NeST: A Neural Network Synthesis Tool Based on a Grow-and-Prune Paradigm

The paper presents NeST, a neural network synthesis tool designed to optimize deep neural network (DNN) architectures by utilizing a novel grow-and-prune paradigm. This approach specifically addresses the challenges associated with the derivation of optimal DNN architectures for large-scale applications. Conventional methods tend to develop increasingly deeper and larger networks, often resulting in significant redundancy. NeST aims to alleviate this issue by combining network growth and pruning into a coherent workflow that automates the generation of compact and high-performing DNNs.

The methodology behind NeST is inspired by the dynamic nature of synaptic connections in the human brain, where the number of connections first increases and then decreases over time. NeST begins with a sparse initial architecture, referred to as the "seed architecture," and iteratively enhances it. The growth phase involves adding neurons and connections based on gradient information to improve accuracy. This process is followed by a pruning phase that removes redundant elements identified by their magnitude, allowing the network to maintain compactness without compromising accuracy.

Experimental results demonstrate NeST's efficacy in synthesizing both the LeNet and AlexNet architectures. Specifically, NeST achieved a significant reduction in the number of parameters and floating-point operations (FLOPs) with no accuracy sacrifice: LeNet-300-100 and LeNet-5 saw parameter reductions of 70.2× and 74.3×, respectively, alongside reduced FLOPs of 79.4× and 43.7×. Similarly, for AlexNet and VGG-16, NeST reduced parameters (FLOPs) by 15.7× (4.6×) and 30.2× (8.6×), respectively, all while maintaining performance levels on par with baseline models.

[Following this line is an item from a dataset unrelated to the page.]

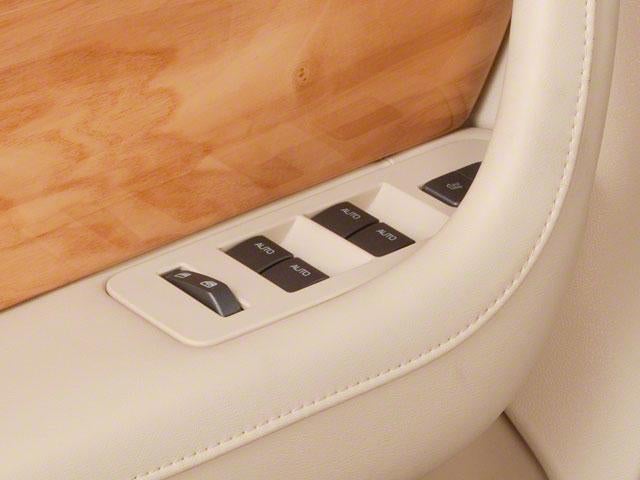 2010 Lincoln MKS Base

Critically, NeST diverges from traditional DNN design paradigms by starting from a potentially arbitrary and sparse seed architecture, overcoming the reliance on human intuition for selecting baseline architectures. The grow-and-prune strategy fosters significant reductions in redundant components, leading to lightweight DNN models.

Theoretical implications of this research highlight an enhanced understanding of neural architecture search (NAS) and architecture design space. Practically, NeST promises substantial improvements in efficiency for deploying DNNs, particularly in resource-constrained environments such as mobile or edge devices, where computational capabilities and memory are limited.

Future research endeavors may explore extending NeST's application to more complex architectures like ResNet or DenseNet, addressing the associated temporospatial overheads in training large models within the grow-and-prune paradigm without utilizing memory-intensive masks.

In conclusion, NeST represents a notable advancement in automated DNN synthesis, marrying the biological inspiration of synaptic pruning with computational efficiency. Its contributions to achieving compact and efficient DNNs open avenues for deployment in a broader range of applications without performance compromises.